» ASSIGNMENT
All entries should be output exactly as they stand.

» DATA SECTION
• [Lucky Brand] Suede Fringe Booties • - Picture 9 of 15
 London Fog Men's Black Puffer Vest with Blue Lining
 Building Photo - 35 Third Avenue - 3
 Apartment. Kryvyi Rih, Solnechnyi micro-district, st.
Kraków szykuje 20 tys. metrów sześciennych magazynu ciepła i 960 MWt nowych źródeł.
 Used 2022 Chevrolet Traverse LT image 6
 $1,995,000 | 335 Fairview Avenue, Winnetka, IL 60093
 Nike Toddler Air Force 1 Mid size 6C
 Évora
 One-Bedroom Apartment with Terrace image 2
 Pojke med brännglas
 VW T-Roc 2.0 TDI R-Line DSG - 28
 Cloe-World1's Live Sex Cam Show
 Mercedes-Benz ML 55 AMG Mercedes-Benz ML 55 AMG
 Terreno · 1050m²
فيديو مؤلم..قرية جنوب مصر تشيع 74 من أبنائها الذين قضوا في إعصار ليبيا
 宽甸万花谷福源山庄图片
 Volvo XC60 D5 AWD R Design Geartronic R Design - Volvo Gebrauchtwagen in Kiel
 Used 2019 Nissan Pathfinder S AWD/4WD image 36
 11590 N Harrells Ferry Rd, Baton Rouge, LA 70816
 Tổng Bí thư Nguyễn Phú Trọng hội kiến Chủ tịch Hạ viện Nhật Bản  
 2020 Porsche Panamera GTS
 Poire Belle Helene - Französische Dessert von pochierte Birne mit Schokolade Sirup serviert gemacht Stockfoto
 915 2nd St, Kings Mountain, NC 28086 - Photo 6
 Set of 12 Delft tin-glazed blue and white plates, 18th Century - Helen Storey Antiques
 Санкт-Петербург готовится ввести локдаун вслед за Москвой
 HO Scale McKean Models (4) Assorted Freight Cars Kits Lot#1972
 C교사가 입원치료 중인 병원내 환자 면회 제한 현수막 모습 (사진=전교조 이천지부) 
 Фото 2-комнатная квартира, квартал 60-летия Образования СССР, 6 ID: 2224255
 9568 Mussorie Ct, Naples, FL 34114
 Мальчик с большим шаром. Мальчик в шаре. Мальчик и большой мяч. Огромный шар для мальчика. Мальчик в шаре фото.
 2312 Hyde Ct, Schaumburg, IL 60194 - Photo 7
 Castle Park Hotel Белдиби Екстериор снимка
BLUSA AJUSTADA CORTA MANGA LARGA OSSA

» ANSWER BOX
• [Lucky Brand] Suede Fringe Booties • - Picture 9 of 15
 London Fog Men's Black Puffer Vest with Blue Lining
 Building Photo - 35 Third Avenue - 3
 Apartment. Kryvyi Rih, Solnechnyi micro-district, st.
Kraków szykuje 20 tys. metrów sześciennych magazynu ciepła i 960 MWt nowych źródeł.
 Used 2022 Chevrolet Traverse LT image 6
 $1,995,000 | 335 Fairview Avenue, Winnetka, IL 60093
 Nike Toddler Air Force 1 Mid size 6C
 Évora
 One-Bedroom Apartment with Terrace image 2
 Pojke med brännglas
 VW T-Roc 2.0 TDI R-Line DSG - 28
 Cloe-World1's Live Sex Cam Show
 Mercedes-Benz ML 55 AMG Mercedes-Benz ML 55 AMG
 Terreno · 1050m²
فيديو مؤلم..قرية جنوب مصر تشيع 74 من أبنائها الذين قضوا في إعصار ليبيا
 宽甸万花谷福源山庄图片
 Volvo XC60 D5 AWD R Design Geartronic R Design - Volvo Gebrauchtwagen in Kiel
 Used 2019 Nissan Pathfinder S AWD/4WD image 36
 11590 N Harrells Ferry Rd, Baton Rouge, LA 70816
 Tổng Bí thư Nguyễn Phú Trọng hội kiến Chủ tịch Hạ viện Nhật Bản  
 2020 Porsche Panamera GTS
 Poire Belle Helene - Französische Dessert von pochierte Birne mit Schokolade Sirup serviert gemacht Stockfoto
 915 2nd St, Kings Mountain, NC 28086 - Photo 6
 Set of 12 Delft tin-glazed blue and white plates, 18th Century - Helen Storey Antiques
 Санкт-Петербург готовится ввести локдаун вслед за Москвой
 HO Scale McKean Models (4) Assorted Freight Cars Kits Lot#1972
 C교사가 입원치료 중인 병원내 환자 면회 제한 현수막 모습 (사진=전교조 이천지부) 
 Фото 2-комнатная квартира, квартал 60-летия Образования СССР, 6 ID: 2224255
 9568 Mussorie Ct, Naples, FL 34114
 Мальчик с большим шаром. Мальчик в шаре. Мальчик и большой мяч. Огромный шар для мальчика. Мальчик в шаре фото.
 2312 Hyde Ct, Schaumburg, IL 60194 - Photo 7
 Castle Park Hotel Белдиби Екстериор снимка
BLUSA AJUSTADA CORTA MANGA LARGA OSSA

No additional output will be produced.